Anti-mining demonstrators who blocked State Highway 1 in Northland for two hours on Thursday say they will be back - unless the Government responds to their concerns about hard rock mining.
Members of Maori hapu Ngati Hau led the protest with dairy farmers and lifestyle block owners on the Hikurangi plains who are concerned about the exploration for gold and silver in the Puhipuhi Hills by Australian company De Grey Mining.
The demonstration south of Towai and just north of the railway crossing at Waiotu began at 10am. A Radio New Zealand reporter at the scene said up to 50 protesters lined the highway, forcing steams of traffic including logging trucks to take a 28km detour on narrow winding back roads. The road reopened about 12.25pm.

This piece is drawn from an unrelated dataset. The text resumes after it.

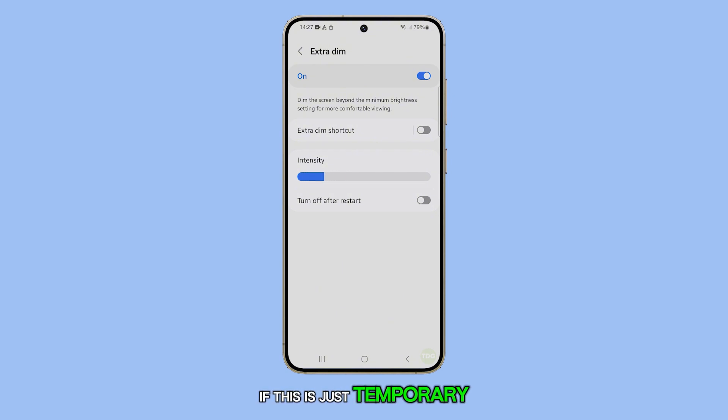If this is just temporary, then we suggest you enable the switch next to Turn Off After Restart to retain the usual brightness level.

Police said they were powerless to remove protesters because the highway at that point traverses land that was never surveyed or sold to the Crown, which makes it Maori customary land.
Ngati Hau spokesperson Allan Halliday said on Thursday the hapu regrets the inconvenience to motorists and police who monitored the blockade. However, he said the group had no choice but to take direct action.
Mr Halliday said the hapu's concern about mineral exploration in the Puhipuhi Hills is shared by many landowners including dairy farmers downstream. He said the Government has refused to listen to those concerns - even though mercury-rich soils in the hills have caused pollution and sickness among Maori in past mining ventures.
Mr Halliday said if the Government does not respond within two weeks, Ngati Hau and their supporters will again blockade State Highway 1 for longer at the point north of Whangarei where it crosses Maori land.
"There's currently toxic contaminants leaking into the waterways and our fear is that once they start drilling there's going to be more of the toxins leaking into the waterways. Nobody can tell us that it can't - the potential damage may well be irreversible," he said.
The Puhipuhi Mining Action group, which includes local farmers, supported the blockade. Action group president Jenny Kirk said the community opposes gold and silver prospecting in the area because of the risk of mercury pollution.
Dairy farmer Ben Smith was among those handing out anti-mining flyers on Thursday and said the regional council had not given the community enough information about the level of heavy metals in waterways before and during exploration.
Mining company says no risk
De Grey Mining said on Thursday there is no way its activities will cause mercury pollution. Executive director Peter Batten said the company will be drilling holes and collecting samples in the Puhipuhi Hills and the process is no different from what a farmer would do to sink a bore.
Mr Batten said the protesters are misinformed about the risk of mercury pollution. He said the area has naturally high mercury levels and if it was a risk to drill, it would be a risk to farm there.
He said De Grey expects to do test drilling some time in the next six months.